Culinary historiography is no longer so sure whether the Hawaiian toast is actually Wilmenrod’s invention

However, culinary historiography is no longer so sure whether the Hawaiian toast is actually an invention of the self-proclaimed ›national gourmet‹. The cultural historian Petra Foede, who already dealt in detail with the toast Hawaii in her book How Bismarck Came on Herring (Kein & Aber Verlag) in 2009, discovered an advertisement for the canned ham company Hormel a year later on the kitchen-retro.com website (›Spam‹), which appeared in November 1939 in Life magazine. On it is a picture of a hot cheese Spamwich, garnished in the middle with red onions, which is very similar to Wilmenrod’s toast. A recipe booklet for the breakfast meat company published in the same year also offers a variant of toast with a slice of pineapple. Wilmenrod might have known the booklet and recipe, Foede speculates, after all, the television chef had lived in Wiesbaden, an important American military base, since the 1930s, and Hormel’s spam was an essential part of the troop catering. Hawaii, on the other hand, was an important supply base for the Americans during World War II.

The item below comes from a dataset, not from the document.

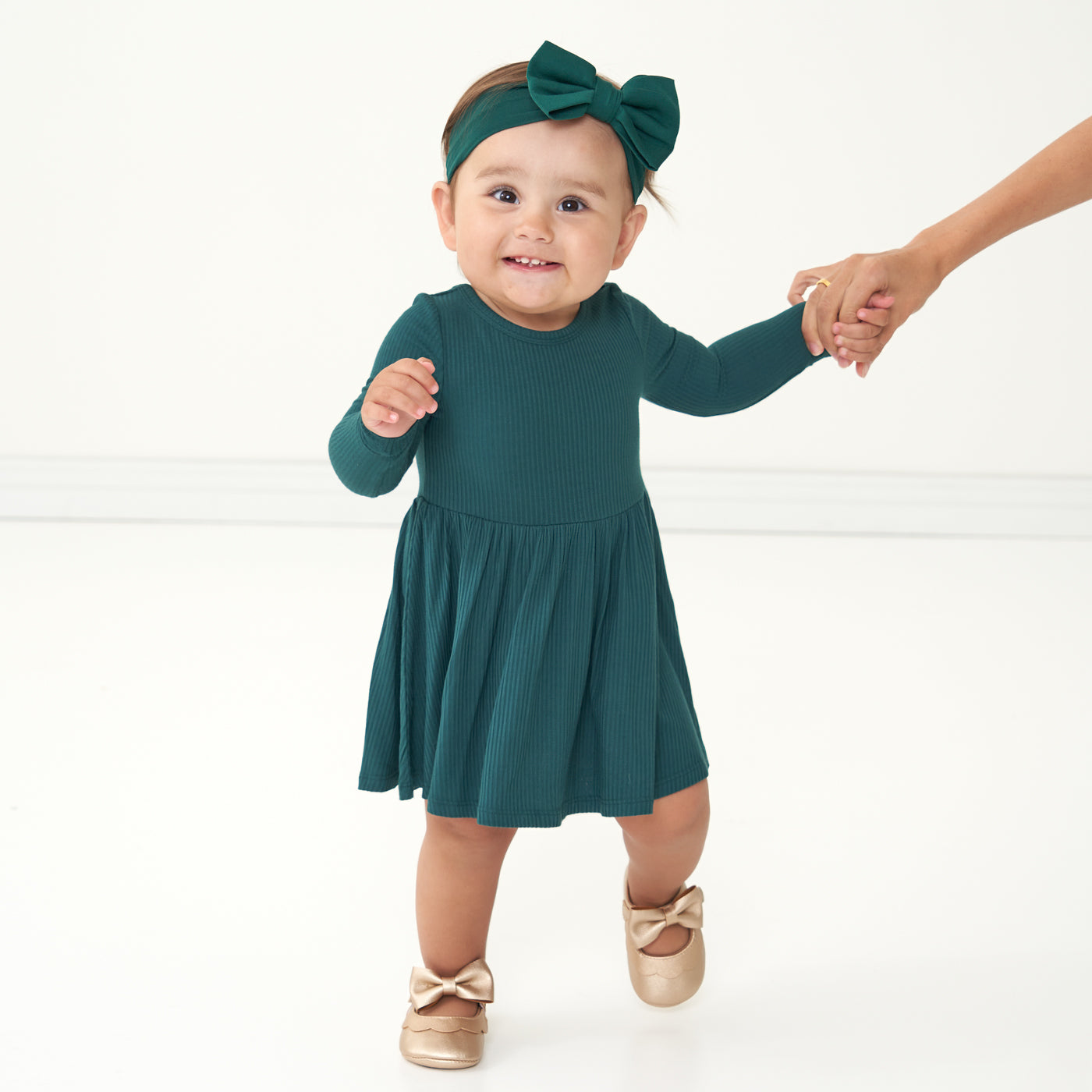 Child wearing an emerald ribbed twirl dress with bodysuit paired with an Emerald luxe bow headband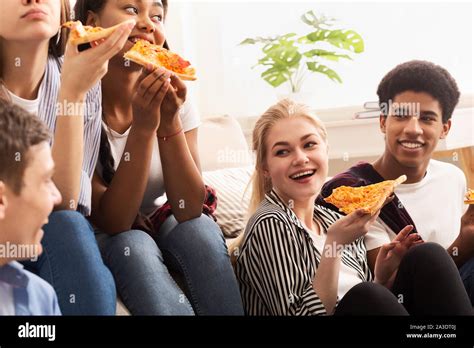 Pizza Time Diverse Friends Eating And Talking Stock Photo Alamy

So was Wilmenrod inspired by an advertising brochure for canned ham? What is certain is that the Toast Hawaii should have pleased the TV chef, in particular because of its cheese cover, which was worth hard cash. Wilmenrod was a master at gratinating, almost everything was gratinated with cheese. This was due to an advertising agreement with the manufacturers of the Heinzelkoch, a small electric oven with state-of-the-art grill radiators, which played an important role in almost every program. “When I’m in front of the camera, God doesn’t help me, only my device!” – an early case of product placement. Wilmenrod also secretly advertised refrigerators, rum pots and kitchen gimmicks such as Schneidboy and Griffin witch (today: Jamie-Oliver-Zange). When Der Spiegel revealed in a cover story that Wilmenrod had received 1,000 D-Marks in advance from an Oldenburg poultry farmer for his media presentation of a roast turkey for Christmas, the TV chef fell out of favor: from 1957, it was only broadcast once a month, and later Wilmenrod was banned Afternoon program, and on May 16, 1964, the show was canceled altogether. The former television star lived only three years. With the broadcast he was deprived of his purpose in life, and he was diagnosed with stomach cancer. Falling into deep depression, Clemens Wilmenrod committed suicide in 1967, at the age of sixty.
In 2009, the ARD remembered the first German TV chef with the first broadcast of the wonderful television film Wilmenrod – It’s on the tip of my tongue. A worthy cinematic memorial for the man who may not have invented the toast Hawaii, but instead brought culinary art onto television.

Toast Hawaii

for 4 people

  • 8 slices of toast
  • soft butter
  • 8 slices of cooked ham
  • 8 slices of canned pineapple
  • 8 slices of sliced ​​cheese
  • 8 cherries or cocktail cherries
  • 1. Spread a thin layer of butter on toast, top with ham and drained pineapple slices. Cover with sliced ​​cheese.
  • 2. Bake the toast in a hot oven at 220 degrees with the grill switched on for 3–5 minutes. Garnish with 1 cherry in each center and serve the feast in a hurry.